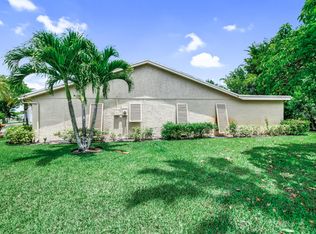 4170 Pine Aire Dr, Lake Worth, FL 33467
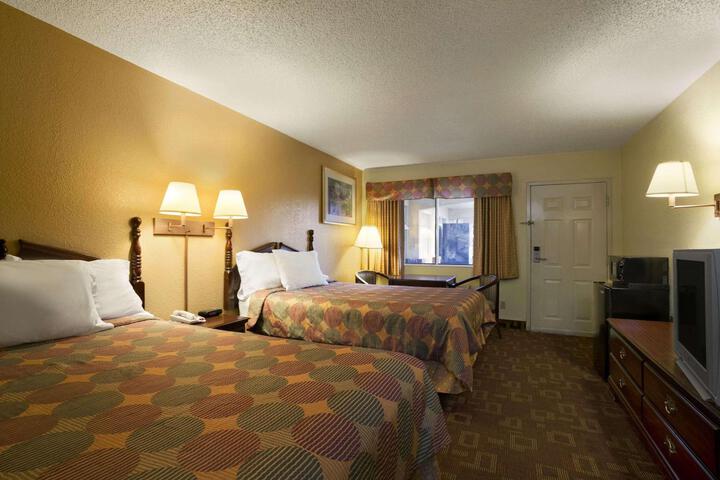 2 Queen Beds (6 of 7)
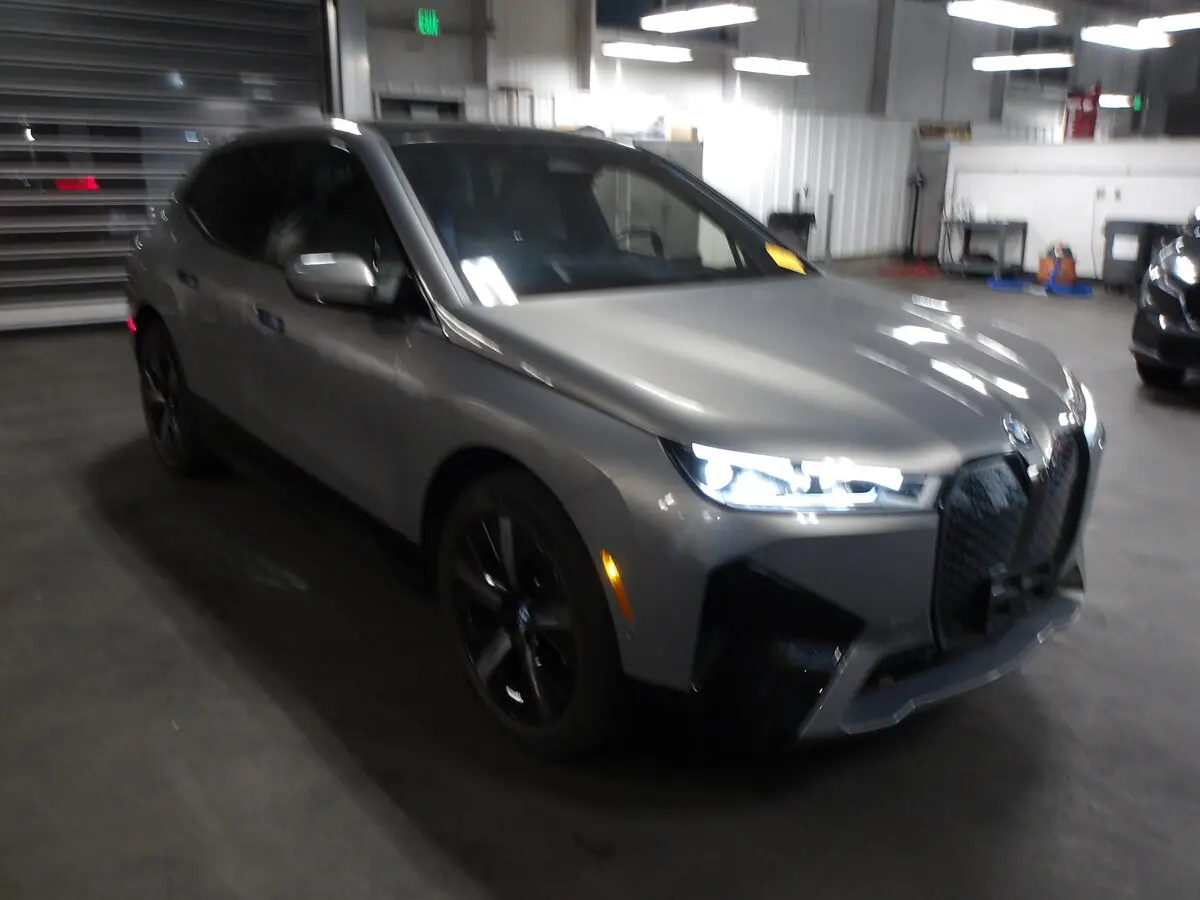 2023 Bmw iX xDrive50i photo 2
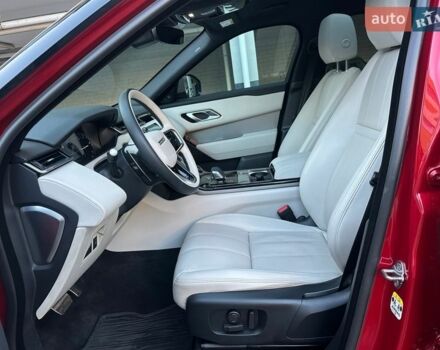 Червоний Ленд Ровер Рендж Ровер Велар, об'ємом двигуна 2 л та пробігом 31 тис. км за 59700 $, фото 35 на Automoto.ua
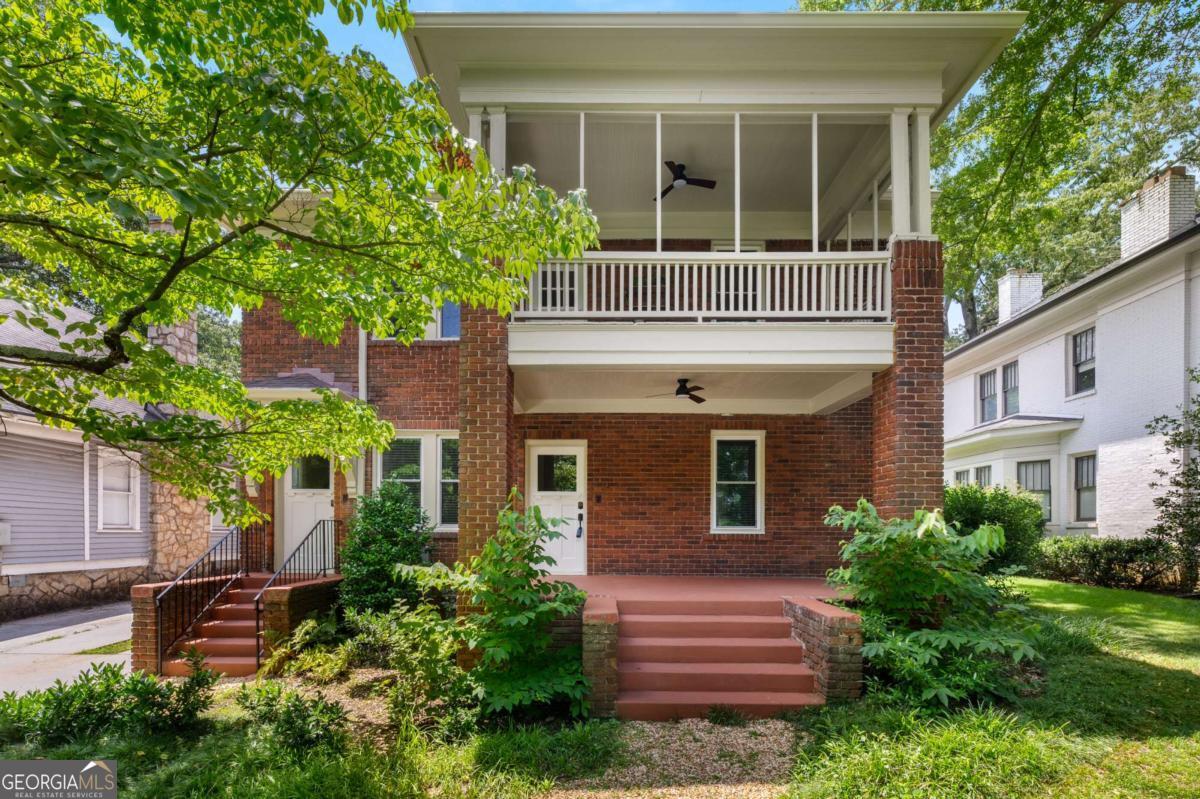 524 W College AVE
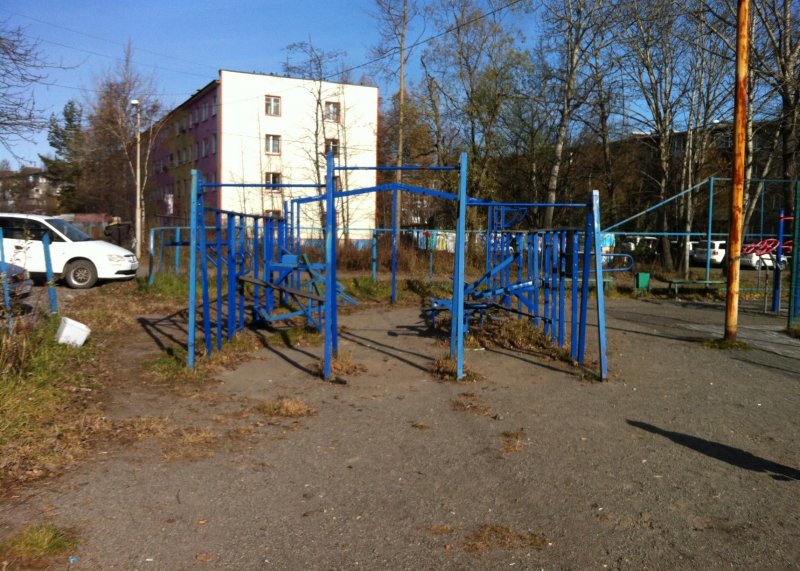 Площадка для воркаута в городе Елизово №7804 Маленькая Современная фото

# # # # #

• [Exercise description]
The response must restate exactly the lines from the one containing "2023 Bmw iX xDrive50i photo 2" through the end of the records above and must leave out all pictures.

• [Solution for this task]
 2023 Bmw iX xDrive50i photo 2
 Червоний Ленд Ровер Рендж Ровер Велар, об'ємом двигуна 2 л та пробігом 31 тис. км за 59700 $, фото 35 на Automoto.ua
 524 W College AVE
 Площадка для воркаута в городе Елизово №7804 Маленькая Современная фото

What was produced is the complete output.